I’m glad to see that Slate’s Matt Yglesias agrees with most of the ideas I put forth in a piece in the latest Washington Monthly about what Washington needs to do to bring manufacturing back to the United States. But he does take issue with one idea, which is to create a federal “war chest” aimed at matching the incentives offered by China and other countries to attract companies to their shores. He condemns the notion of a “large federal slush fund” to “randomly subsidize politically powerful firms” and argues the result would be “an exciting new level of waste and bribery.”
This is a completely understandable reaction; few things are, or should be, more distasteful to progressives than the kind of explicit corporate subsidization that this proposal seems to be calling for.
But the real intent of this idea is not to encourage subsidization and bribery, but to end it.
The sad fact is that practically every country in the world–except the United States–is tripping over itself to woo companies and industries for the jobs they create and the potential for spillover innovation. China is among the most aggressive in this game, but even countries like Israel and Vietnam offer subsidies, tax breaks and free land to make themselves attractive investment destinations. As a result, these countries are grabbing jobs and industries that, absent those subsidies, might have come to us.

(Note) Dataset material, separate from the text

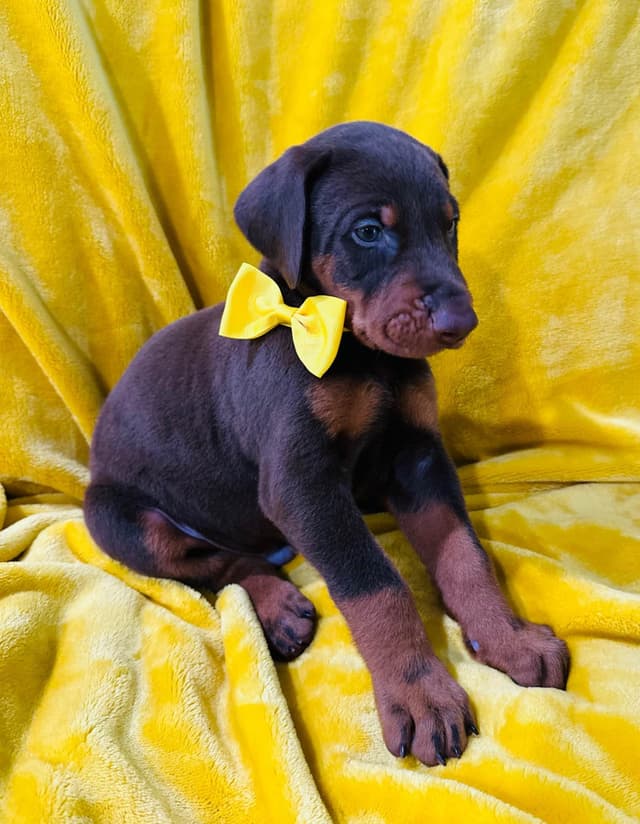 Doberman Pinscher Puppies media 5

These subsidies are not in fact technically kosher under current trade laws, but these violations are also so rampant, and bringing suit is so time-consuming and expensive, that the current rules are essentially unenforceable.
This leaves America with two choices. We can continue to be the “good guy,” sitting out the game and potentially losing an increasing number of opportunities as the subsidies arms race among our foreign competitors escalates. Or we can unleash a war chest big enough to deter this escalation and force a new dialogue on acceptable global trade policy. The logic is of course classic deterrence theory. If you want to prevent aggression, you need a credible threat of force. And if you want to stop a war, and diplomacy isn’t working, military action, or at least the threat of it, may be the only option.

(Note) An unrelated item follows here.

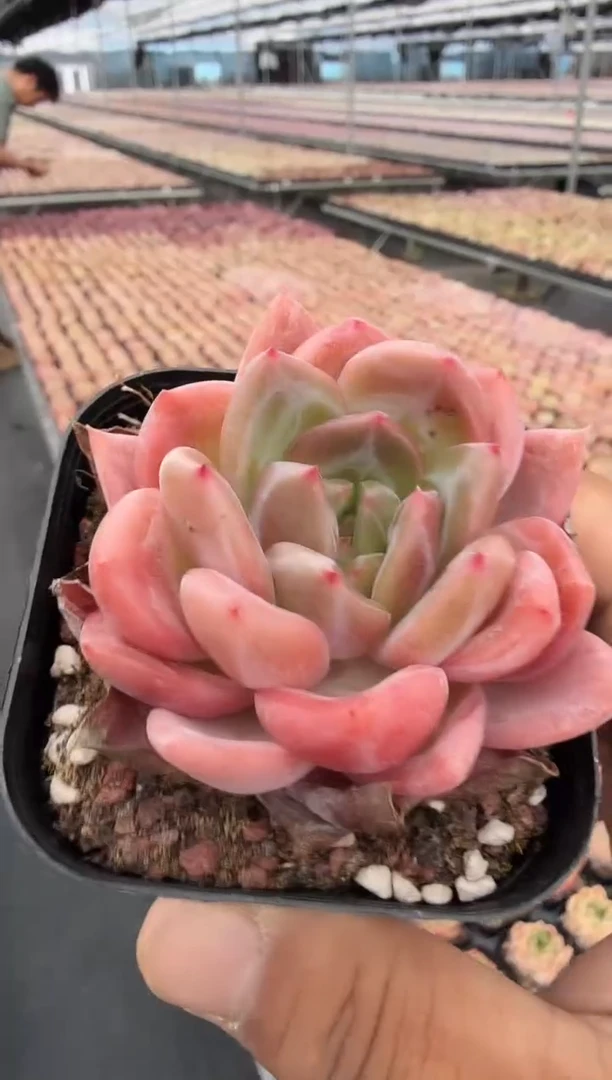 东云多肉园云哥种多肉-21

Trade expert Clyde Prestowitz, whom I quote in the piece and whose idea this is, argues that trade deterrence has worked in the past. When he was Undersecretary of Commerce, he helped create a “war chest” to combat another kind of trade practice–”direct export subsidies”–that led directly to new and tougher trade laws adopted by the WTO. Countries chose to come to the table rather than go head-to-head against America–something that’s as likely today as it was then.
The other critique Yglesias makes of the “war chest” is the lack of evidence for my assertion that it could minimize the current “beggar thy neighbor” dynamic among states that are now competing with each other to land business.
Governors and mayors now spend millions of dollars and log thousands of air miles competing against each other for jobs that would have come to America in the first place (or were unlikely to leave). The New York Times, for example, documented an internecine battle between Kansas and Missouri, where Kansas spent $36 million to lure AMC Entertainment from Missouri, only to lose the headquarters of Applebees to Missouri a few months later.
A federal war chest could end these kinds of pointless contests in a couple ways. First, by focusing attention on a national strategy to compete on a global scale, it could help states reorient their strategies around beating foreign countries, rather than their next-door neighbors. Second, the fund could be structured in a way to force an end to these interstate battles.
With states forever looking for federal funds to supplement their budgets, one option might be to make federal funds available only for legitimate state “bids” against international competitors. For example, if Texas is up against Singapore, the federal fund can backstop what Texas brings to the table if Singapore ups its bid. Another option might be to offer the availability of federal funds to supplement an international bid, but only on the condition of an explicit limit on the amount of state financial incentives that can be offered.
Again, this is an imperfect solution for an imperfect world. But with our foreign competitors growing increasingly aggressive in their efforts to land jobs and strategic industries, doing nothing is the worst option of all.